:: Work required ::
Your task is to repeat the entries word for word while leaving out the pictures.

Given information Start Marker

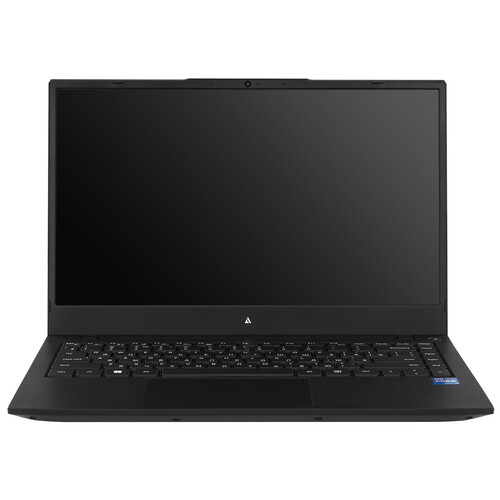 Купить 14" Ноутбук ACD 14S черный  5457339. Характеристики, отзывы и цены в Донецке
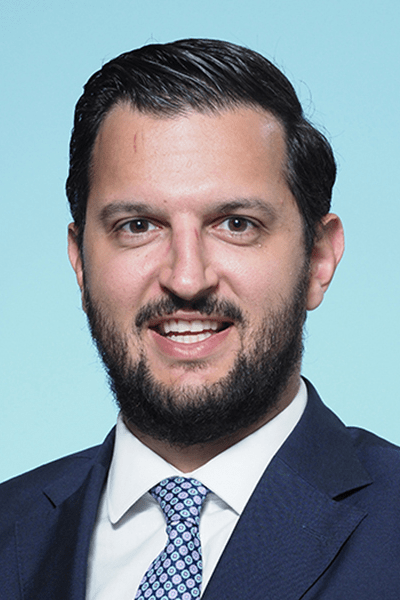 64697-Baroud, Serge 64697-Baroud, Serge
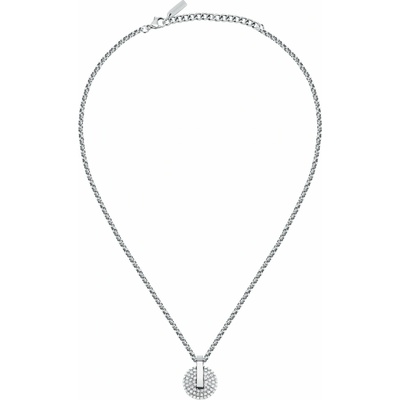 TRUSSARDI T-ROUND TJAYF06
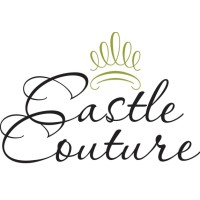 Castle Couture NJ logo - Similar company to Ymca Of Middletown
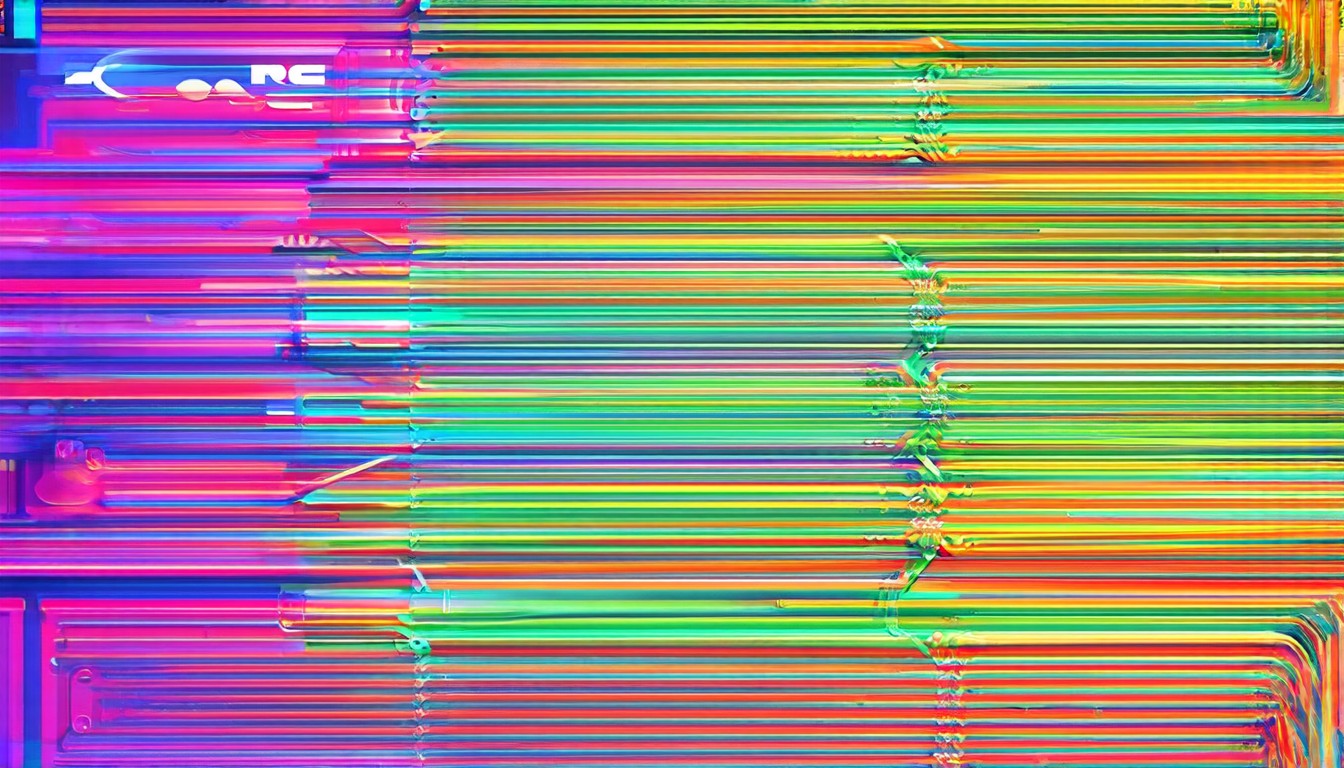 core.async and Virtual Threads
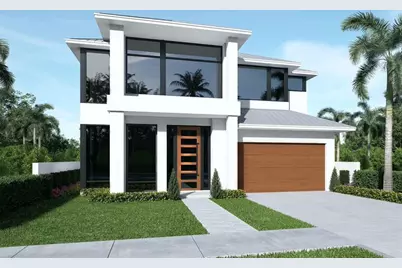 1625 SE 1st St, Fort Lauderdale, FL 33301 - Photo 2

Given information End Marker

:: Result ::
 Купить 14" Ноутбук ACD 14S черный  5457339. Характеристики, отзывы и цены в Донецке
 64697-Baroud, Serge 64697-Baroud, Serge
 TRUSSARDI T-ROUND TJAYF06
 Castle Couture NJ logo - Similar company to Ymca Of Middletown
 core.async and Virtual Threads
 1625 SE 1st St, Fort Lauderdale, FL 33301 - Photo 2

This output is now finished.